# [ABOUT THIS EXERCISE]
Starting with the line that contains "kkkkkkkkkkkkkkkk's Minecraft Skin", copy each line exactly through the end of the listing, and omit all pictures.

══ TASK DATA

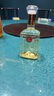 五糧液仙林生態(tài) 江山禮 金山銀山 52度500ml*2瓶 禮盒裝 節日禮物 曬單實(shí)拍圖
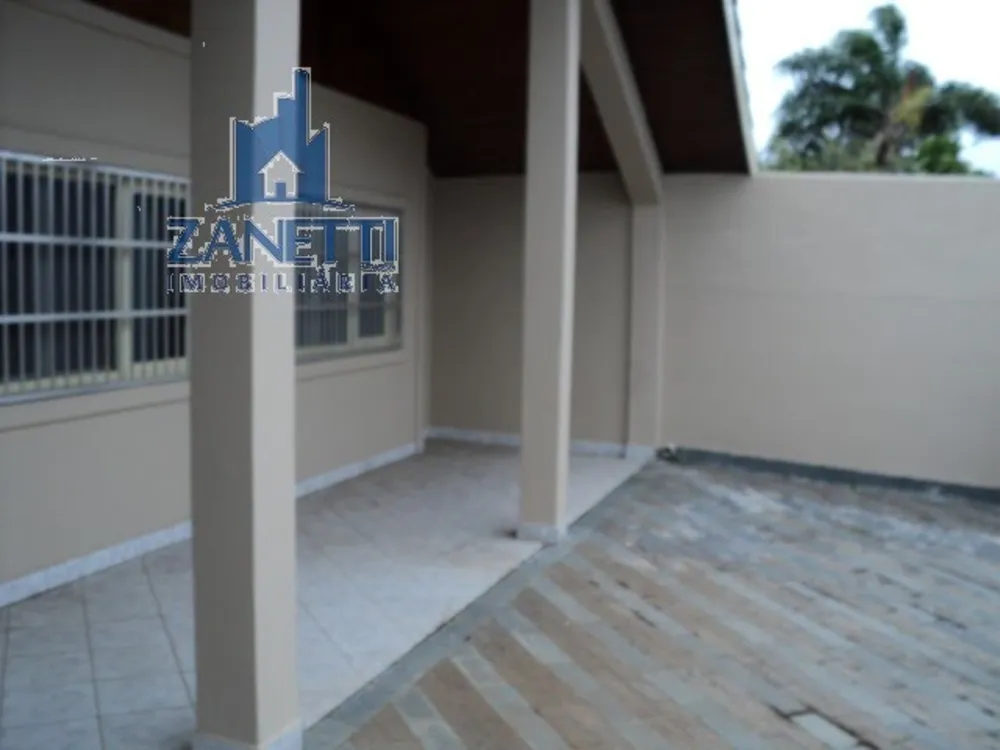 Casa, 3 quartos, 255 m² - Foto 5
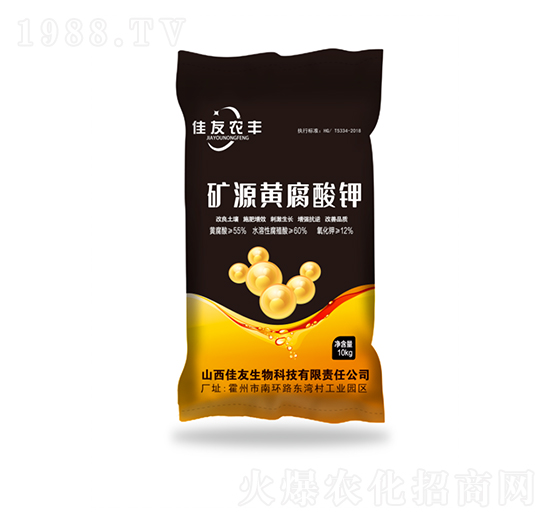 �VԴ�S�����-�����r(n��ng)�S-����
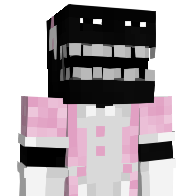 kkkkkkkkkkkkkkkk's Minecraft Skin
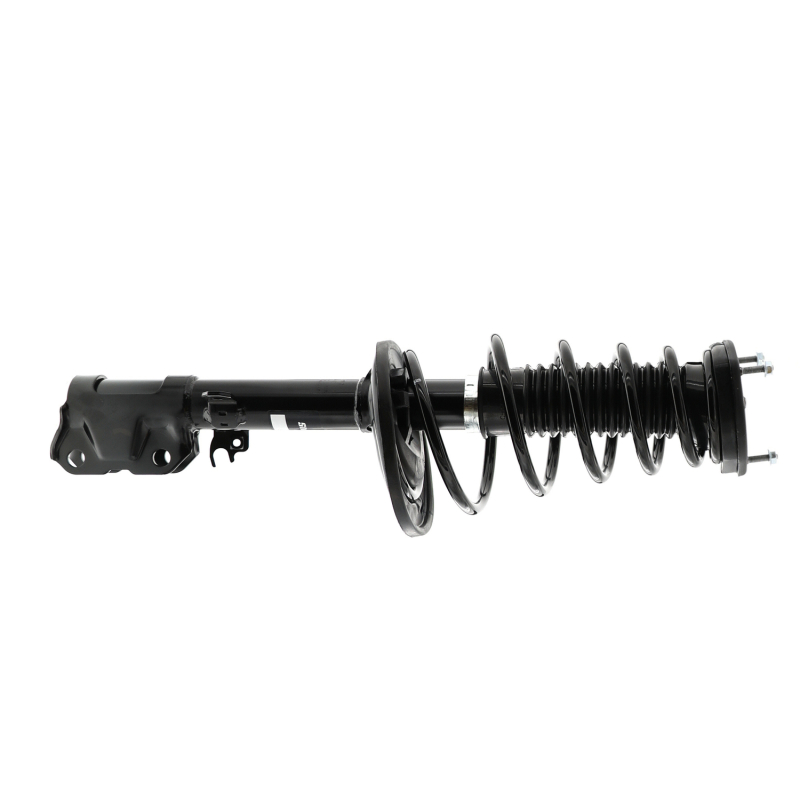 KYB Shocks & Struts Strut Plus Rear Right LEXUS ES350 13-15 thumbnail 5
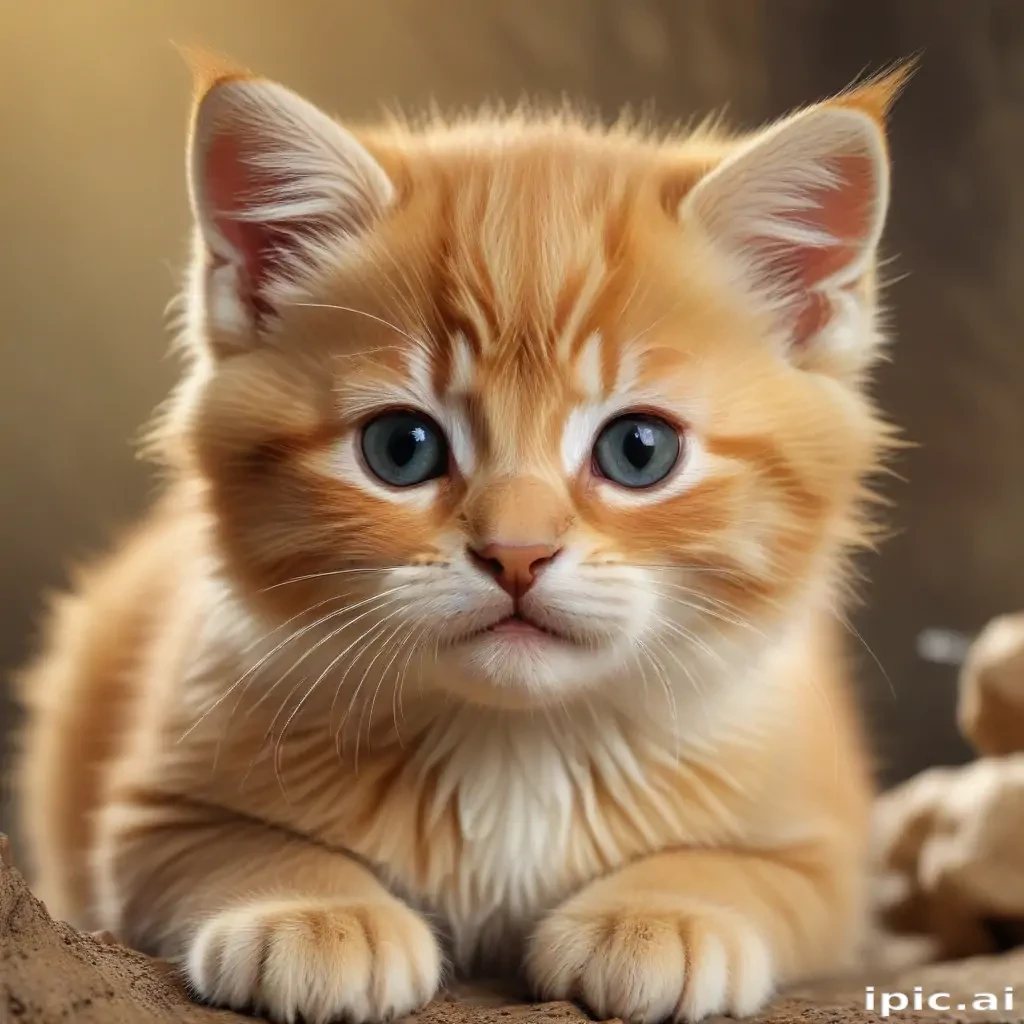 cute kittens wallpaper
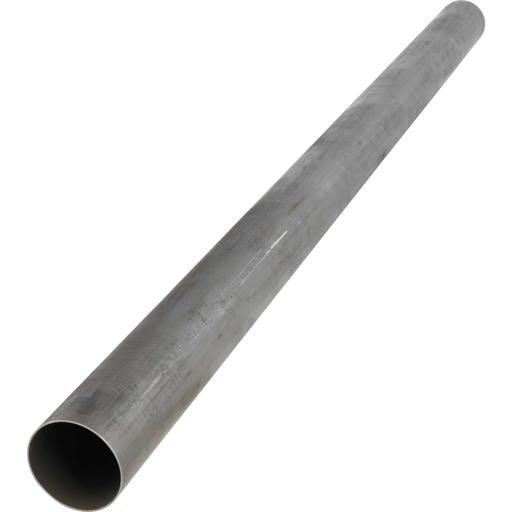 Spicer - SPIDT143T - DT143T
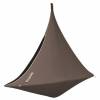 Hamac Suspendu - Cacoon Double - Taupe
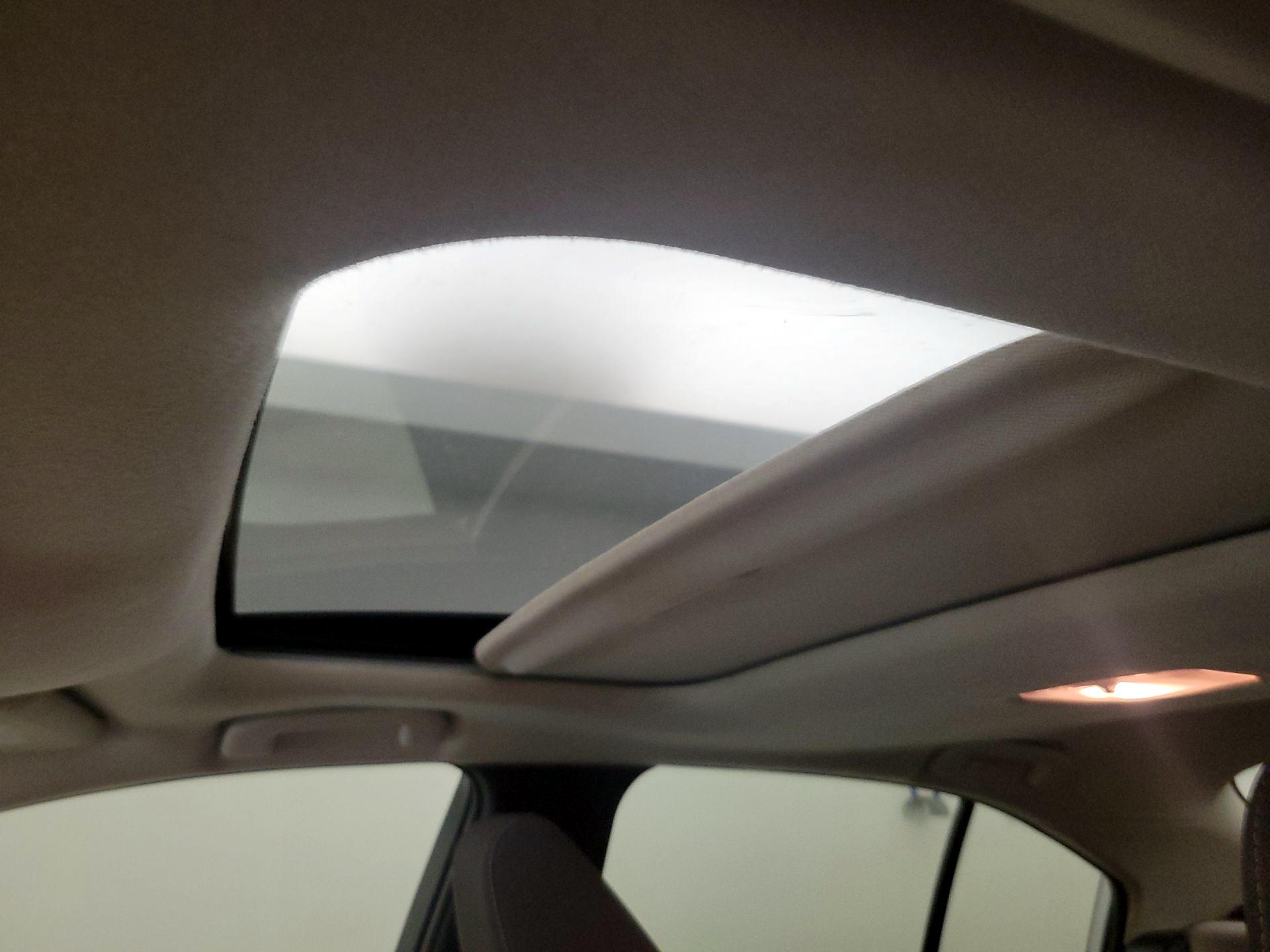 Thumbnail: 2020 Toyota Corolla - 19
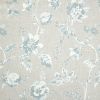 Sunbrella Ariana Dew Outdoor Pillow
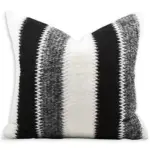 A51000254 PILLOW (ASH)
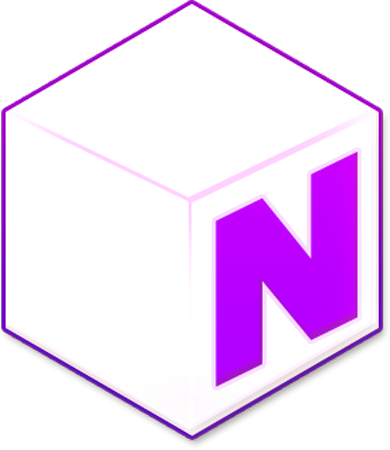 Powered by NexionGames
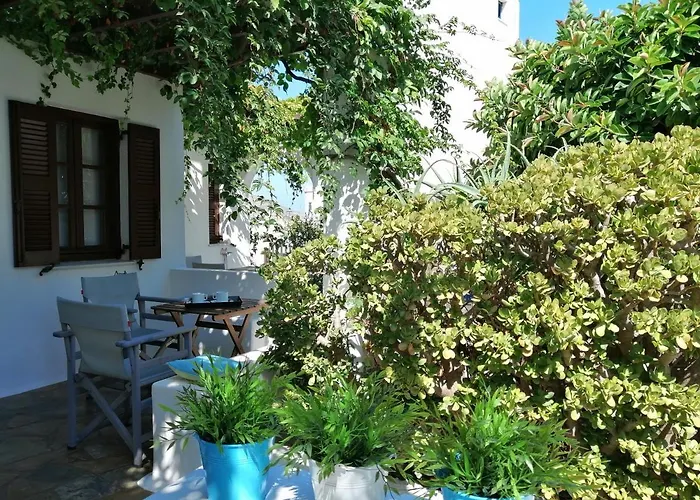 Christina Hotel, Adults Only, Heated Salt Water Pool Zambujeira do Mar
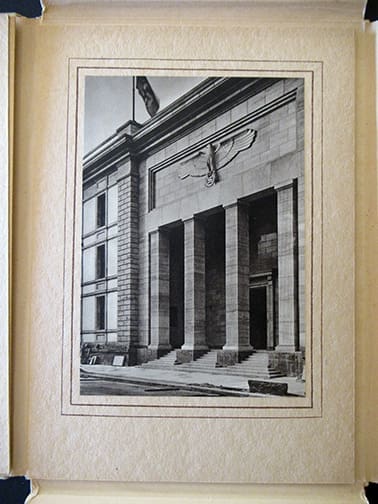 RK portfolio 1026 9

════

# [EXERCISE RESULT]
 kkkkkkkkkkkkkkkk's Minecraft Skin
 KYB Shocks & Struts Strut Plus Rear Right LEXUS ES350 13-15 thumbnail 5
 cute kittens wallpaper
 Spicer - SPIDT143T - DT143T
 Hamac Suspendu - Cacoon Double - Taupe
 Thumbnail: 2020 Toyota Corolla - 19
 Sunbrella Ariana Dew Outdoor Pillow
 A51000254 PILLOW (ASH)
 Powered by NexionGames
 Christina Hotel, Adults Only, Heated Salt Water Pool Zambujeira do Mar
 RK portfolio 1026 9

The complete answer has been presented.